Even if only a small proportion of asylum seekers were previously Internally Displaced Persons; and even if the 'Internal Flight Alternative' applies to a relatively small number of people, in both cases individuals face a genuine threat to their human rights if the Refugee Status Determination procedure does not properly account for internal displacement. There is a need for all states, and especially those with relatively little experience of RSD, properly to integrate an understanding of internal displacement in RSD procedures, especially given the complexity of the relationship between RSD and internal displacement.
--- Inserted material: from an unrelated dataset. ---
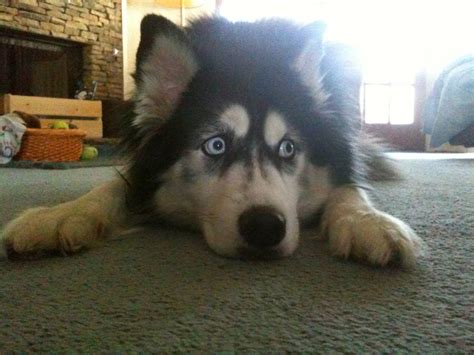 The chances are good that your dog will be smaller than any other that you come across. 9 Dogs Who Are Completely Terrified of Themselves | The ...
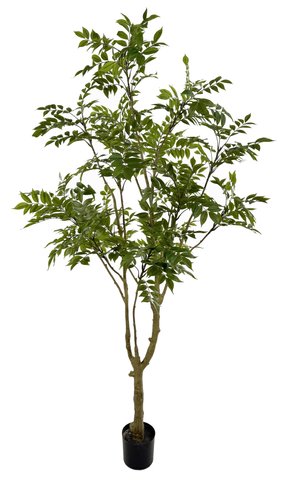 shishi Lacquer tree green potted 210cm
Immediate steps might include providing training for case officers; ensuring that the Country of Origin Information used to provide evidence in assessing asylum cases includes adequate coverage of internal displacement; and incorporating UNHCR IFA guidelines. In the longer term it would be helpful to promote closer cooperation between the government ministries, departments, or agencies that deal – almost always separately - with asylum and internal displacement.
Khalid Koser is a non-resident senior fellow at the Brookings Institution and also serves as Academic Dean ahe Geneva Centre for Security Policy.